Here's Your 'Reparations': San Francisco Will Pay $600K To Destroy Historic George Washington Mural
As part of a broader effort to exert control over the culture, the modern-day progressive left has increasingly borrowed a page out of the communist playbook.
How so? Well, they’re advocating for, and succeeding at, covering up or destroying historical artwork, memorials and statues that don’t fully align with the left’s current revisionist narratives on American history.
This movement has gained momentum over the past few years, as the left has repeatedly attacked the Confederate flag and destroyed Confederate memorials and statues, citing links to racism and slavery.
Concerns were raised by opponents to the idea, who asked, “Where does this stop?” and wondered if the nation’s Founding Fathers — some of whom were slaveholders or did other unpleasant things — would be the left’s next targets.
Despite prior assurances from the left that there was nothing to worry about, it turns out those concerns were well-founded.
Look no further than the fact that a San Francisco high school, named after our nation’s first president, George Washington, is now about to completely cover up and destroy a beautifully produced and historically accurate mural depicting the Founding Father’s life.
KQED reported that the San Francisco Board of Education voted unanimously Tuesday in favor of painting over the large mural dedicated to Washington due to complaints from some activists that parts of the mural featuring depictions of slavery and Native American genocide during the nation’s early years fostered a “hostile environment” for minority students.
The board’s vote set in motion an estimated $600,000 plan to paint over the famous mural, which is known as the “Life of Washington.”

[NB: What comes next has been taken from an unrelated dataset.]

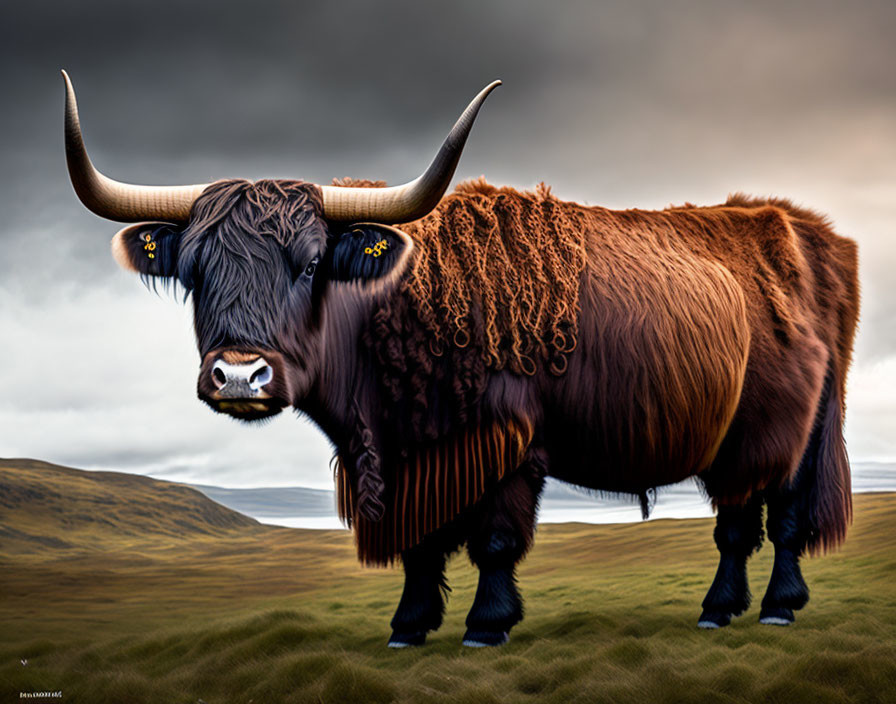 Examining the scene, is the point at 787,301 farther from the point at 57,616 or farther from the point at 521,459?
the point at 57,616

Confronted with concerns about the high estimated cost, commissioner Mark Sanchez simply replied, “This is reparations.”
That statement should make it abundantly clear that the current talk among the left about reparations for slavery will not end with a one-and-done monetary payout to descendants of slaves.
Instead, the left will use reparations as an open-ended excuse to go after anything even remotely associated with the nation’s dark history of slavery — or anything else they dislike, for that matter — including our nation’s revered founders.

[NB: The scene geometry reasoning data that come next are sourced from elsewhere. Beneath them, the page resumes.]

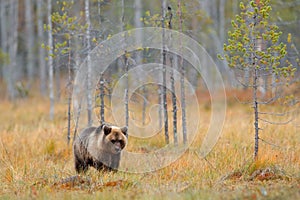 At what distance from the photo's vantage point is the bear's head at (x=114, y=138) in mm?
9539

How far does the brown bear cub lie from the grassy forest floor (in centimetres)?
22

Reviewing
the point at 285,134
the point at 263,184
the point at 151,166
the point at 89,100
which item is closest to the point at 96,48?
the point at 89,100

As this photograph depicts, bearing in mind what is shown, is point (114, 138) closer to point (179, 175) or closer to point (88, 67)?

Back to the “Life of Washington” mural, which was created in 1936 by a Russian artist named Victor Arnautoff, a “social realist” and avowed communist, according to WQED.
Arnautoff, quite ironically, developed the 1,600-square-foot, 13-panel mural as “counter narrative” that provided a fuller picture of the first president’s life, according to Arnautoff’s biographer, Robert Cherny.

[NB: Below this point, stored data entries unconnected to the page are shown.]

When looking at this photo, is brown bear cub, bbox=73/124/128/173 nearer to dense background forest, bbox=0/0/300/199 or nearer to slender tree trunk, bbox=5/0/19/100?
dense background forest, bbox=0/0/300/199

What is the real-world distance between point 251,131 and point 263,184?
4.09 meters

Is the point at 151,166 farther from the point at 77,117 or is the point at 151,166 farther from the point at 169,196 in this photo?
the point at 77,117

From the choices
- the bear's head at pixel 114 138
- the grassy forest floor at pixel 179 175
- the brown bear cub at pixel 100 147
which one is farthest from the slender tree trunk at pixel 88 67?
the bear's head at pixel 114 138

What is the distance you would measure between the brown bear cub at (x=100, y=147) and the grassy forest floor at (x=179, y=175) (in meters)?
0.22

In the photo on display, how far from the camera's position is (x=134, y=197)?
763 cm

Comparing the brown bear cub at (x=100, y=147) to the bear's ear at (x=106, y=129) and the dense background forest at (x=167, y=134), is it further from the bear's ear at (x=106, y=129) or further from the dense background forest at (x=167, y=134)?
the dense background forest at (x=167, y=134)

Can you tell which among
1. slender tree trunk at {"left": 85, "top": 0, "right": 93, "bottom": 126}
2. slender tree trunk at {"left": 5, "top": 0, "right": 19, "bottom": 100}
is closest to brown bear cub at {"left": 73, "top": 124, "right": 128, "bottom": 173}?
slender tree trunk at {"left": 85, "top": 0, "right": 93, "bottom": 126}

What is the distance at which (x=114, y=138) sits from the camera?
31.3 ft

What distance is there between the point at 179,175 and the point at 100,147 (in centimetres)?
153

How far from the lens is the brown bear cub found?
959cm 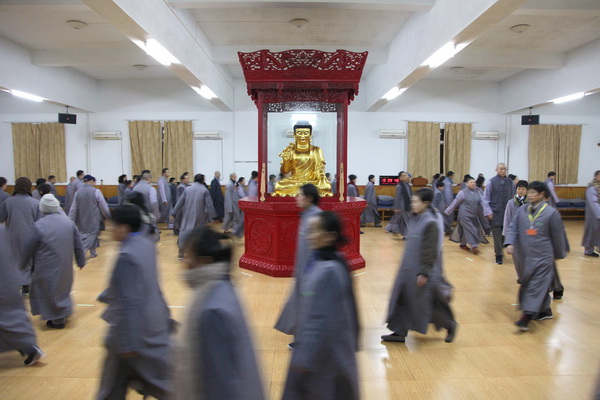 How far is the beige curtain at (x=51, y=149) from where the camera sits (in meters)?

Two of the mural’s panels, in particular, are at the center of the controversy.
“One shows Washington among his slaves at Mount Vernon, while in another he directs white men with guns westward, over the body of an apparently slain Native American,” WQED noted.
Rather than simply cover up the two panels deemed offensive, the school board decided to paint over the entire work of art, even as opponents of art censorship have loudly decried the move.
The controversy over the mural actually isn’t anything new, as complaints have been registered as far back as the 1960s.
But the decision to paint over the entire mural flies in the face of previous efforts to have it protected as a historical landmark, as well as a reasonable compromise solution that was reached in 1968 to provide more context with a “response” mural located nearby.
That mural — completed in 1974 by a young black artist named Dewey Crumpler — was titled, “Multi-Ethnic Heritage: Black, Asian, Native/Latin American. According to KQED, it depicted “empowered people of color rendered in a fiery, sunburst palette near the Arnautoff mural.”
Incredibly, Crumpler, who is now a professor of painting at the San Francisco Art Institute, opposes the plan to paint over the Arnautoff mural.
“Without Arnautoff’s murals, my murals are irrelevant. And without my murals, Arnautoff’s murals are irrelevant,” he said recently. “They are one thing.”
While the school board voted unanimously to paint over the Arnautoff mural, it was guided in that decision by an advisory panel known as the Reflection and Action Group, which held several public meetings on the issue.
One of the advisory group’s members, Lope Yap Jr. — vice president of the school’s alumni association — spoke out against the decision and urged the board to reconsider an option to add yet another “response” mural.
“Anything less than whitewashing for the opposition would be a compromise,” Yap Jr. told KQED.
He vowed to file a lawsuit, if necessary, on “several grounds” to prevent the destruction of the historical mural.
“We’ll use every tactic available,” he said.
As Yap Jr. aptly noted, this is yet another example of how the left is intent on “whitewashing” U.S. history of anything that offends their progressive sensibilities.
While that effort may have started with Confederate memorials, it has quite predictably moved on to the nation’s founders.
Now, there is no telling where the movement will turn its revisionist attention next.
In the words of philosopher George Santayana, “Those who cannot remember the past are condemned to repeat it.”
By covering up and painting over this Washington mural, the school board is removing an opportunity for students to learn about our nation’s past, unsightly warts and all.